When loading data from the indirect sources array, we need to flatten the CSR data into segment indices for each element, then load source offsets from sources_global and use the offset of each element within each segment to gather data items. We run into a number of data dependencies which sections the loads into a number of non-overlapping phases:

  1. Load limit0 and limit1 from limits_global.

  2. Cooperatively load the CSR descriptors from csr_global, between indices limit0 and limit1. Flatten the CSR encoding into segment indices for each element.

  3. Cooperatively load the segment source offsets from sources_global. This is not overlapped with the CSR load in (2) because we have no space to store the source offsets until after we flatten the CSR descriptors and free up their slots in shared memory.

  4. Compute the offset of each element within its segment and gather values from global.

There's an additional optimization here: if no segment ends are mapped into the tile (so that range.total is 0), we use the special LoadIndirectFast method to load values. Rather than computing segment indices and offsets for each element, the CSR flattening is skipped and threads load values from a single address: sources_global[limit0]. Because a tile-wide reduction rather than segmented reduction is used within the tile, we can load out-of-order and exploit the commutative property of our reduction operator. Addresses are rotated to guarantee cache-line alignment, and we load directly from global into register, avoiding a trip through shared memory or the use of __ldg to transpose from strided to thread order.
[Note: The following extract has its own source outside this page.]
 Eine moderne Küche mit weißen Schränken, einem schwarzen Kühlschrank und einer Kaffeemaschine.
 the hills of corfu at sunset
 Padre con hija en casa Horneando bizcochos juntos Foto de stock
We could additional branching to overlap phases (2) and (3) when the number of segments is less than half of the tile size, allowing us to fit both CSR descriptors and segment offsets in shared memory at once. However, too many restructuring optimizations of this kind sacrifice program clarity and should be motivated by performance metrics.

Direct value loads

The segmented reduction (CSR) which uses direct source indexing did see measurable throughput gains when reordered in its own branch. The kernel would be more compact and more clear if indirect and direct load code paths only diverged at CTASegReduceLoad::IndirectLoad/DirectLoad rather than diverging and re-ordering CSR loading, CSR flattening, data loading, and intra-tile reduction. But this special direct-load branch allows for real optimizations over the simpler common path:

  1. Load limit0 and limit1 from limits_global. Overlap with value loads. We can do this because the values addresses are a function of the threadIdx and blockIdx; they aren't dependent on segment geometry.

  2. Cooperatively load the CSR descriptors into shared memory. These loads are dependent on limit0 and limit1.
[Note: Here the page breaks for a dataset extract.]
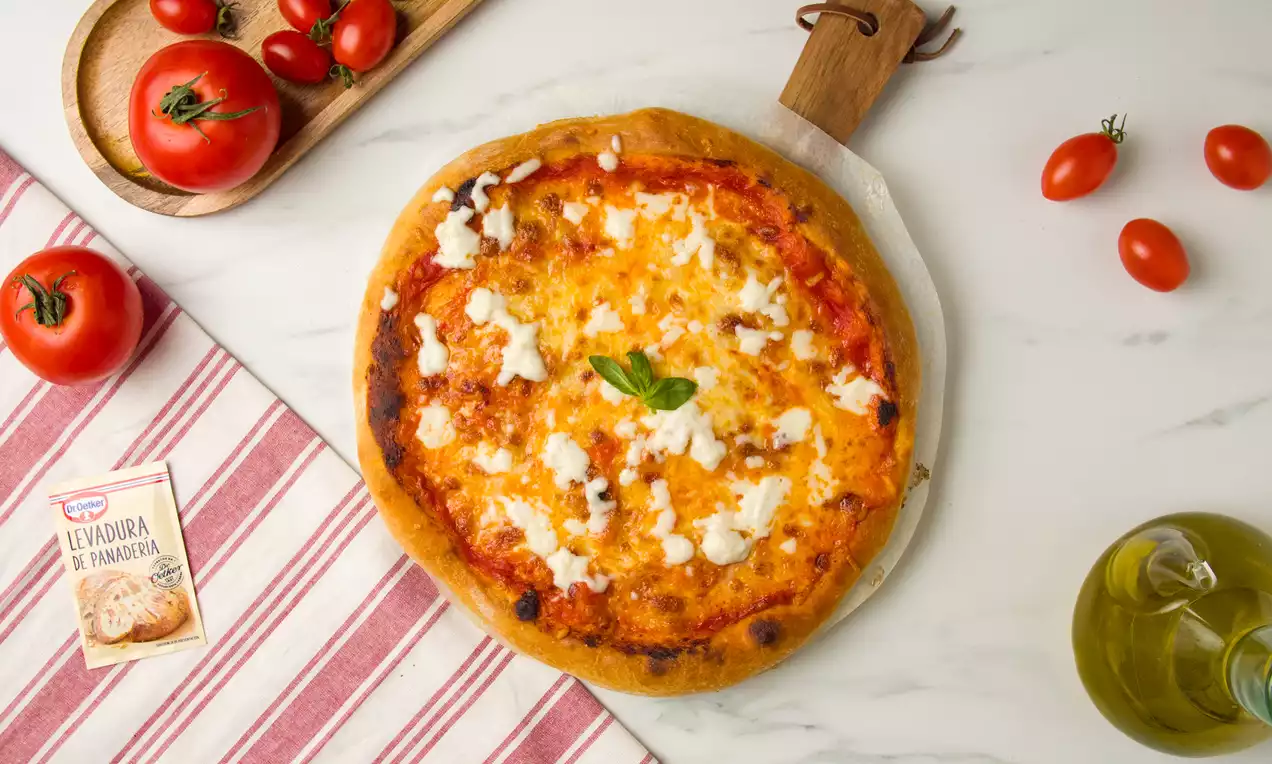 Pizza redonda con costra dorada, base de tomate rojo intenso, queso fundido blanco y albahaca en una mesa con tomates y aceite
If no segment ends are mapped into the tile, we forego loading phase 2, as CSR descriptors aren't required. But even in this case we transpose the values from strided order to thread order (or use __ldg). The optimization we exploited in the indirect case of loading directly into register in strided order is not possible here, because we must load values prior to examining the limit0 and limit1 variables—a data dependency on the limits prior to the value load would prohibit the overlapping in phase (1) and add more latency into the pipeline.
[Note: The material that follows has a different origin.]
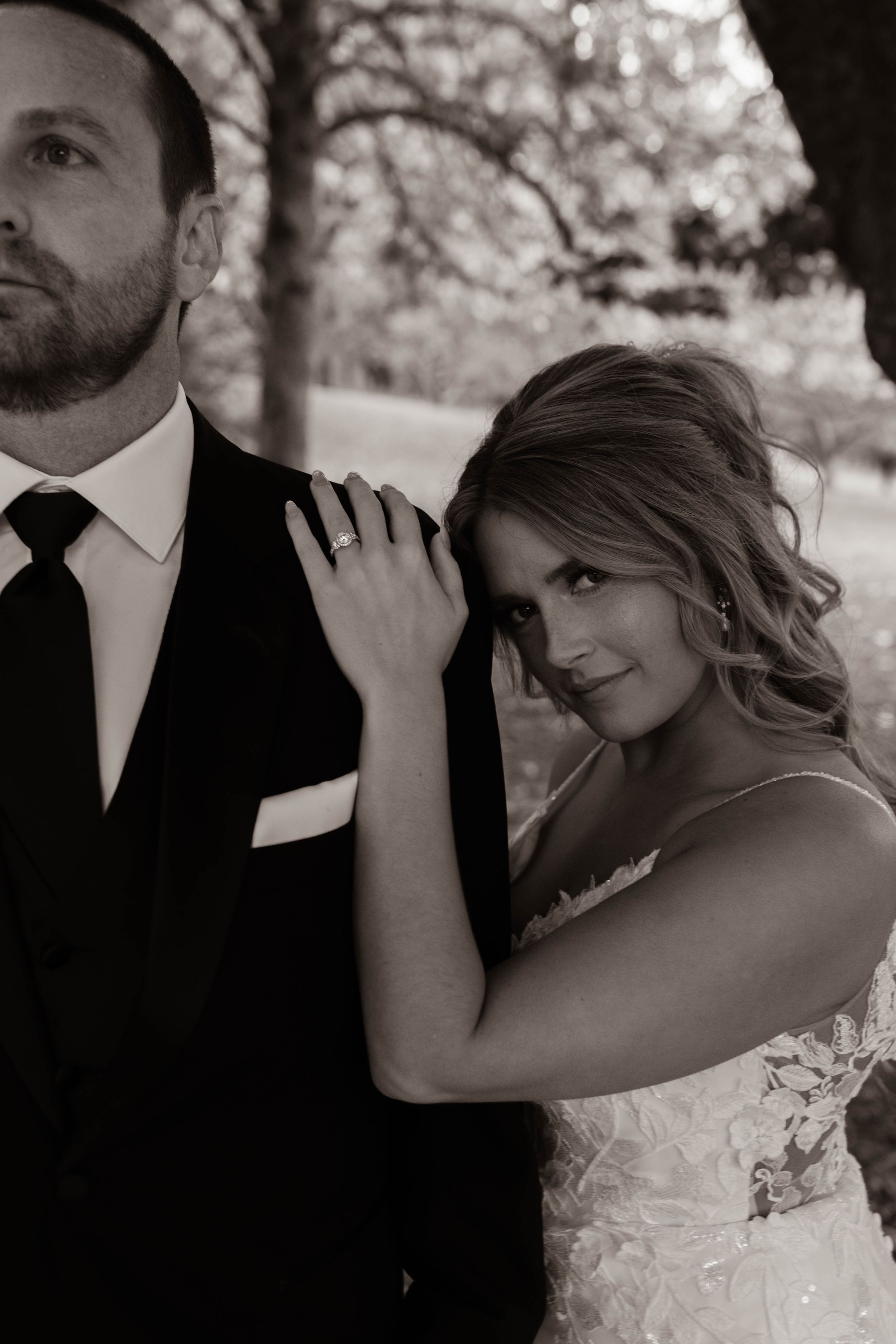 Black and white romantic wedding portrait showing intimate moment between newlyweds.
The structure of KernelSegReduceCsr was guided by process of re-ordering operations, benchmarking, and trying again. There are too many moving parts to write fast code without performance metrics. When developing your own kernels, try to factor independent operations into their own functions to facilitate rapid benchmarking and design.

Reduction

If any number of segment boundaries map into the tile, we use CTASegReduce::ReduceToGlobal to compute partial reductions and store the tile's carry-out. If there are not segment boundaries in the tile, all elements belong to the same segment. We branch to a special case that computes a thread-local reduction over strided order (so that each thread adds together elements NV * blockIdx + VT * i + tid, where 0 <= i < VT). This special-case considerably accelerates large segments. Throughput for geometries with large average segment lengths is boosted by this special-case reduction, running around 20% faster than problems with geometries with smaller segments.